Indonesia harus segera melakukan lompatan teknologi untuk mencapai pertumbuhan ekonomi berkelanjutan dengan AI, kata ekonom senior Halim Alamsyah dalam Podcast Cuap Cuap Cuan di Kanal Youtube CNBC Indonesia.
Dengan sumber daya alam yang melimpah dan peluang besar dari era kecerdasan buatan (AI), pemerintah memiliki kesempatan langka untuk mengubah arah pembangunan ekonominya. Namun, tanpa kebijakan yang tepat dan fokus pada inovasi, potensi tersebut bisa hilang, sehingga memperbesar kesenjangan dengan negara maju.
Halim Alamsyah menilai posisi Indonesia dalam ekonomi global masih lemah karena fundamental ekonomi yang belum cukup kuat. Menurutnya, Indonesia belum berada pada level negara maju seperti Amerika Serikat yang memiliki sumber pertumbuhan sekuler berbasis inovasi dan riset.
“China bisa menjadi kuat karena sumber pertumbuhan datang dari modal dan tenaga kerja melimpah. Ketika kita menghadapi krisis masa lalu, investasi asing masuk membawa teknologi, meskipun bukan teknologi kelas satu. Saat itu, kebijakan pro-investasi mendukung pemulihan ekonomi Indonesia, terutama di masa Presiden Soeharto,” jelas Halim.
Tapi, pola pertumbuhan semacam itu tidak cukup untuk membawa Indonesia ke tahap ekonomi berikutnya. “Kita perlu pertumbuhan sekuler yang berasal dari riset dan inovasi, seperti yang terlihat di Amerika Serikat. Industri berbasis teknologi selalu muncul setiap beberapa tahun, yang mendorong pertumbuhan ekonomi mereka.”

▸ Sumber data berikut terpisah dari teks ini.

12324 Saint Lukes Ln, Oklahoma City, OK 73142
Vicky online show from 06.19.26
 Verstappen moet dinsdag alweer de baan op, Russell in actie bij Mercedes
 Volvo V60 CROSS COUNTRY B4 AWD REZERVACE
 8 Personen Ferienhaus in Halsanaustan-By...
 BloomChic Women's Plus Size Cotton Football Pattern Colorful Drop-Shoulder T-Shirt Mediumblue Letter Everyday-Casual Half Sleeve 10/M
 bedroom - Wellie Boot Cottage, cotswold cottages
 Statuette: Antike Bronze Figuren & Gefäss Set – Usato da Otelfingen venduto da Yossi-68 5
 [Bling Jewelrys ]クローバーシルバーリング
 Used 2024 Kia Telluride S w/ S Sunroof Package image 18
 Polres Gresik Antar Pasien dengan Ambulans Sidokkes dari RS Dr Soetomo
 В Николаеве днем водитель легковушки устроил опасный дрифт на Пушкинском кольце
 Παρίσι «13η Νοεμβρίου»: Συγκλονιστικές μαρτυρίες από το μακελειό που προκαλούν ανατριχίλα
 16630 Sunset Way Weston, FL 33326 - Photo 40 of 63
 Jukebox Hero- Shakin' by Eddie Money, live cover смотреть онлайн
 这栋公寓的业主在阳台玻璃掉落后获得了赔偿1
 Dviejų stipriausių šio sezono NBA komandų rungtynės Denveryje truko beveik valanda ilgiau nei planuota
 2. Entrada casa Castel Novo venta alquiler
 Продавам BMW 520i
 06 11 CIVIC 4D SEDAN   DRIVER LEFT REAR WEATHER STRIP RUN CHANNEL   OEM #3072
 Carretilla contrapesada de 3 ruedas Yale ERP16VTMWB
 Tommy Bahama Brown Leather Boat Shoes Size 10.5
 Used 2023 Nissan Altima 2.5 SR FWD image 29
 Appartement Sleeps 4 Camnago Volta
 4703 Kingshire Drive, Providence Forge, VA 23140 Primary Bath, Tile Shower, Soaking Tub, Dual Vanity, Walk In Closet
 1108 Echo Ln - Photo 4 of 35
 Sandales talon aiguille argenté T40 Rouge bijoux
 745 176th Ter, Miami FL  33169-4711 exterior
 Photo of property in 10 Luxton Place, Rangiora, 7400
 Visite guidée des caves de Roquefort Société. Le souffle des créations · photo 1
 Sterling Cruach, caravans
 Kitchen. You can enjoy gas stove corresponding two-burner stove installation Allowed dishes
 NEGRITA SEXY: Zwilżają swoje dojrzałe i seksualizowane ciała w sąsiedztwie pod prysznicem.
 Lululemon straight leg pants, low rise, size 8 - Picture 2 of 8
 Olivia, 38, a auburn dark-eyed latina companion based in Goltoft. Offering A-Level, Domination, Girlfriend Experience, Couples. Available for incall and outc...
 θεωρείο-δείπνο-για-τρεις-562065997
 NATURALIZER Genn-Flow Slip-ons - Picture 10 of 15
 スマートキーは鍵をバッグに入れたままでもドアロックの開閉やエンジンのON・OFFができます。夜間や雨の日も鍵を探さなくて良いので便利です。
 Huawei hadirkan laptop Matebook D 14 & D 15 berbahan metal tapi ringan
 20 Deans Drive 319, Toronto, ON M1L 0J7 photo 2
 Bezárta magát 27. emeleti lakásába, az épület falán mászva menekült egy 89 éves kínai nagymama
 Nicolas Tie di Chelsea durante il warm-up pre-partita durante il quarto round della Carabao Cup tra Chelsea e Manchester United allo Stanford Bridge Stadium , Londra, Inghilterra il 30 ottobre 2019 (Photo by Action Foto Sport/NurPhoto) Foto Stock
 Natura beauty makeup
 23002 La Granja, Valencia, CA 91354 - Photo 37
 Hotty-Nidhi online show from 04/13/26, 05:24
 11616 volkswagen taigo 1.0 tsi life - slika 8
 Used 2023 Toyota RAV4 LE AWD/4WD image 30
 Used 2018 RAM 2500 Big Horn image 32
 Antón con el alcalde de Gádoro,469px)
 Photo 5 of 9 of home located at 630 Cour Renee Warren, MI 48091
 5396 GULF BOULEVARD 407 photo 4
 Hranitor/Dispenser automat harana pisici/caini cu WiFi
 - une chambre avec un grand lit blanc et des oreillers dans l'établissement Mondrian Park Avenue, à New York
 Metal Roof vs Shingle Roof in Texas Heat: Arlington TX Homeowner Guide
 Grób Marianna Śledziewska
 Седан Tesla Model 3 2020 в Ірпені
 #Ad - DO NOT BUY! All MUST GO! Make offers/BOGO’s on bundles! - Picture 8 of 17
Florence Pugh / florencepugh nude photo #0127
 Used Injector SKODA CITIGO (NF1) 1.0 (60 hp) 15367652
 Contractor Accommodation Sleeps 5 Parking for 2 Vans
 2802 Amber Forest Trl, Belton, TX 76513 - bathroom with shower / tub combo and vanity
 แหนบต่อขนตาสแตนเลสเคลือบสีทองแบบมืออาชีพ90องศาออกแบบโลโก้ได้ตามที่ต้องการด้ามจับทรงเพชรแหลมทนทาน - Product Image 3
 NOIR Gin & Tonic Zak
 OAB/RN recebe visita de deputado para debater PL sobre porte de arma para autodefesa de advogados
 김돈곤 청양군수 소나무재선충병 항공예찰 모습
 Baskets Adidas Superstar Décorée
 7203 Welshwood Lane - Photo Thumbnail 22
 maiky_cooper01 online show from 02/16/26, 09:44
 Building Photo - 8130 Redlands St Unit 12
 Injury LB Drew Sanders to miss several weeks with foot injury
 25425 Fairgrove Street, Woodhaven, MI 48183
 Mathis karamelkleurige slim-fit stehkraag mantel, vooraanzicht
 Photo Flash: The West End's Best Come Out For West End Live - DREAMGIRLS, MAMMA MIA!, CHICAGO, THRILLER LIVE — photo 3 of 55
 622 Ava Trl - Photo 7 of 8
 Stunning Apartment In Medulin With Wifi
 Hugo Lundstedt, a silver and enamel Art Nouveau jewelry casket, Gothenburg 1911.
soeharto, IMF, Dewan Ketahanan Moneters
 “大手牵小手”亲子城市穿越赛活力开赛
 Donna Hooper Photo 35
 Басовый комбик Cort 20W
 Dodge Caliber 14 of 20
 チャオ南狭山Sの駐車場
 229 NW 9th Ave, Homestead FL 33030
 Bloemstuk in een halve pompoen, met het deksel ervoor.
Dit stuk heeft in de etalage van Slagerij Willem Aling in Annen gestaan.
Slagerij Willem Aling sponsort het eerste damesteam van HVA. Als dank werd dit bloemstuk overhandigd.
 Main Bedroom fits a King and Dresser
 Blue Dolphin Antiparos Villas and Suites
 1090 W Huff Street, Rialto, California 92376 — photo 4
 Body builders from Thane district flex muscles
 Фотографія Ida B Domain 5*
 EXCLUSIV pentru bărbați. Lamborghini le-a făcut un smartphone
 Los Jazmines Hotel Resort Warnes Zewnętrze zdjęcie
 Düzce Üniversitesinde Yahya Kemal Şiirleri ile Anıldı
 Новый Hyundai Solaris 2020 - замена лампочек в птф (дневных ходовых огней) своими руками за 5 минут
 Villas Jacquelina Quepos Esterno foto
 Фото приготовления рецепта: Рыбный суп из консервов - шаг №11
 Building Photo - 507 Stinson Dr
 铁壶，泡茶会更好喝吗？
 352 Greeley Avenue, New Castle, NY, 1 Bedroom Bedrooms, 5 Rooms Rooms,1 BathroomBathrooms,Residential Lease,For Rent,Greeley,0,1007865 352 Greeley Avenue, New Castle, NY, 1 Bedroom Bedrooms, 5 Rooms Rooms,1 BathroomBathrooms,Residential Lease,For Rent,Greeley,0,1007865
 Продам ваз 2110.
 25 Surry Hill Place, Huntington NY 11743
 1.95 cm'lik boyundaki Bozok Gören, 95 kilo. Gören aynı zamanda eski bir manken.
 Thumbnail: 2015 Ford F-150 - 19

Sawit dan nikel merupakan salah satu potensi besar sumber daya alam (SDA) yang kini dimiliki Indonesia. Sektor ini sangat potensial menjadi motor penggerak utama pertumbuhan ekonomi.
Kata Halim, sawit kita unggul. Saingannya hanya Malaysia atau beberapa negara Afrika. “Tapi kita dihambat oleh regulasi Eropa.” Oleh sebab itu, pemerintah perlu memanfaatkan sawit dan nikel dengan insentif dengan kebijakan benar, serta peta hilirisasi yang jelas.
Menurutnya, SDA harus menjadi basis pertumbuhan ekonomi yang memberikan dampak nyata, seperti menciptakan lapangan kerja. Namun, untuk mencapai hal tersebut, kebijakan industrialisasi Indonesia perlu dirombak total agar lebih adaptif terhadap perubahan global.
Peluang dari Era Kecerdasan Buatan (AI)
Halim juga menyoroti pentingnya memanfaatkan peluang dari era kecerdasan buatan (AI) untuk mempercepat lompatan teknologi.
Dia menyebut, saat ini sebagai abad AI—sebuah kesempatan langka bagi negara seperti Indonesia untuk melakukan lompatan teknologi—meskipun Indonesia belum punya kemampuan yang mumpuni, AI bisa mempercepat proses kerja dan mendorong inovasi baru.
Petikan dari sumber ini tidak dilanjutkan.